The club’s committee is drawn from volunteers who give up time to ensure that the club gives the best that it can back to its members. The boat ramp was constructed by its members back in 1986, but in 2016 was replaced by the council, giving access to a modern state of the art, all tide launching facility.
The boat yard also has storage facilities for dinghies, haul out, and hard stand areas for maintenance work. Applications to rent the hardstand are available in the clubhouse, via the website, or contact the Yard Manager. Boat trailer parking is also available to club members only.
The clubhouse contains full bar and meal facilities, and with sub committee member support in organizing social and fishing events throughout the year we have some great times!
History of Stillwater
In the early 19th century Silverdale was established as a port for transporting kauri logs to Auckland.
Stillwater was also used as a secondary landing to transport logs, kauri gum and later fruit produce from orchards established on cleared land at Stillwater, Silverdale and Dairy Flat.
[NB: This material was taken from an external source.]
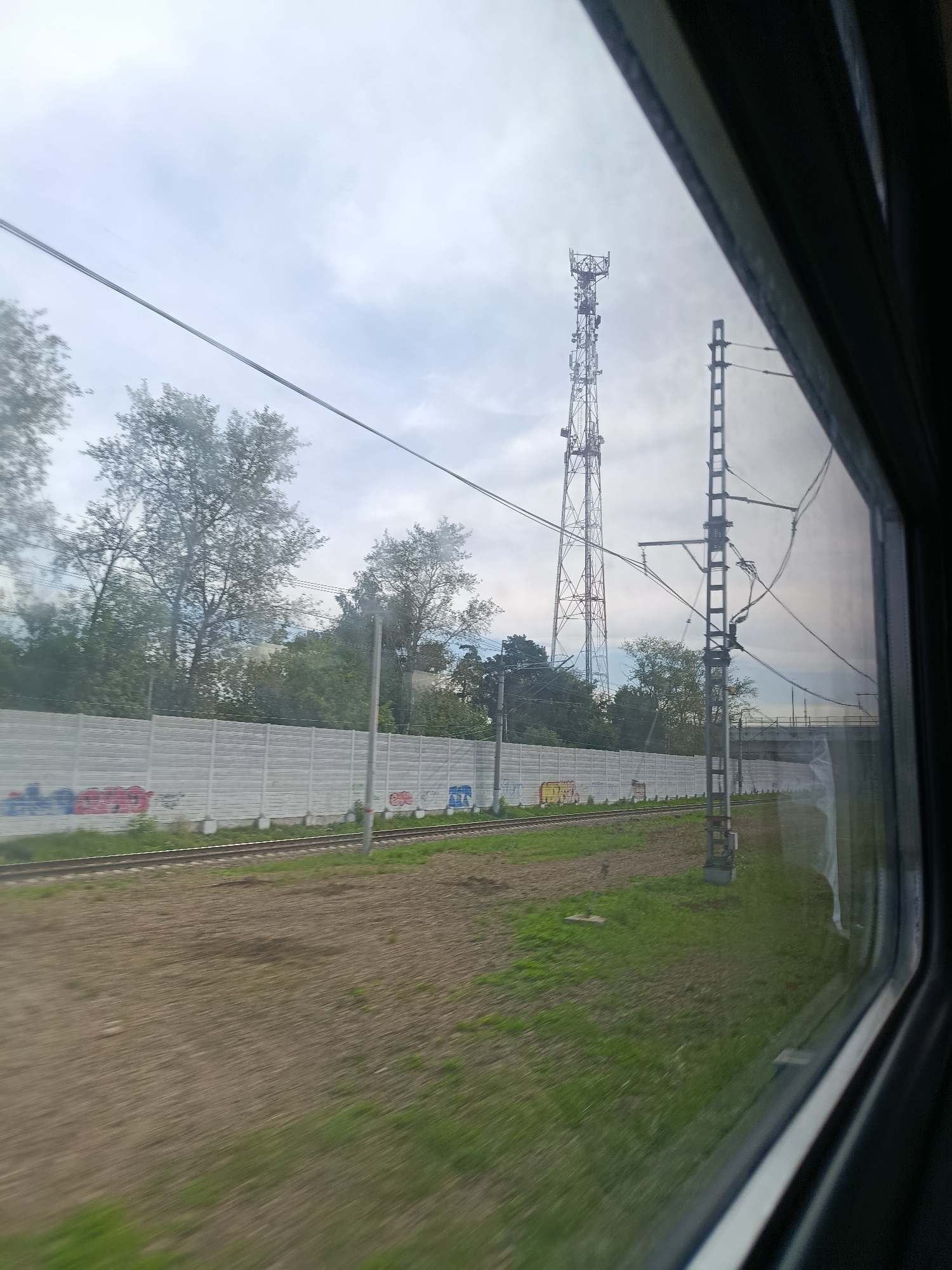 The image captures a view from a train window in Balashikha, Russia. A tall, lattice telecommunications tower is visible in the distance, silhouetted against a cloudy sky. In the foreground, railroad tracks run alongside a white sound barrier wall adorned with graffiti. The ground beside the tracks is covered in patchy grass and dirt, showing motion blur indicating the train is in transit. A utility pole with overhead wires is also present near the tracks. Trees are scattered throughout the landscape, and a bridge or overpass is dimly visible in the far right of the frame. The window frame of the train is visible on the right side of the image, creating a vignette effect.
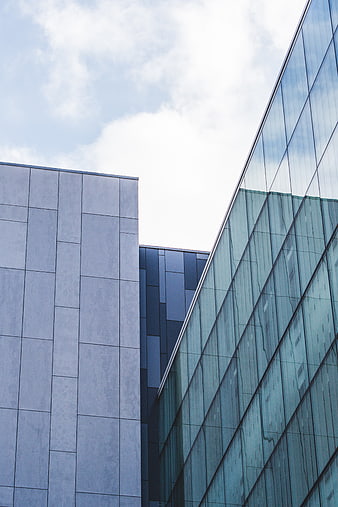Modern Glass and Concrete Architecture with Sky Reflection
As there was no roading sea was the only form of transport available.
The last shipment of kauri gum to leave Stillwater was in 1890. The pack horse tracks from Dairy Flat are still clearly visible on the Weiti Station property.
The first settler in Stillwater in 1852 was Andrew Weatherspoon Thorburn and his family. Part of his original holding is now a reserve and memorial park bequeathed on their farm. Several houses were built on the river's edge in the early days as more land was cleared and made available for farming. Some live stock was introduced, but fruit from orchards seemed to be the major produce transported to Auckland from Stillwater.Other early settlers included the Dacres, Percy, Blackshaw and McPike brothers families.
In 1950 the McPike brothers subdivided their farm to form what has become the Stillwater settlement known today. After the Second World War the motor camp was developed and a road from East Coast Road constructed. Prior to this there existed only a farm track to Stillwater with a ford crossing at Doctor's Creek.
The original bridge built was gradually improved over the years to the two lane concrete bridge today. In 1980 the Council began tar-sealing the road. In 1985 Stillwater was connected to the Whangaparaoa sewerage system and more substantial houses were built in the area.
By the year 2000, most of the power and telephone cables were put underground and footpaths formed the length of Stillwater Crescent. Houses were built on almost all the original sections developed and Stillwater could no longer be called a holiday resort; it had become a well established marine suburb.
In time Coastal Heights was developed followed by the adjoining Inlet Views property and new coastal development is taking place over the river opposite the Stillwater Boat Club.
Buildings continue to appear as land is cleared.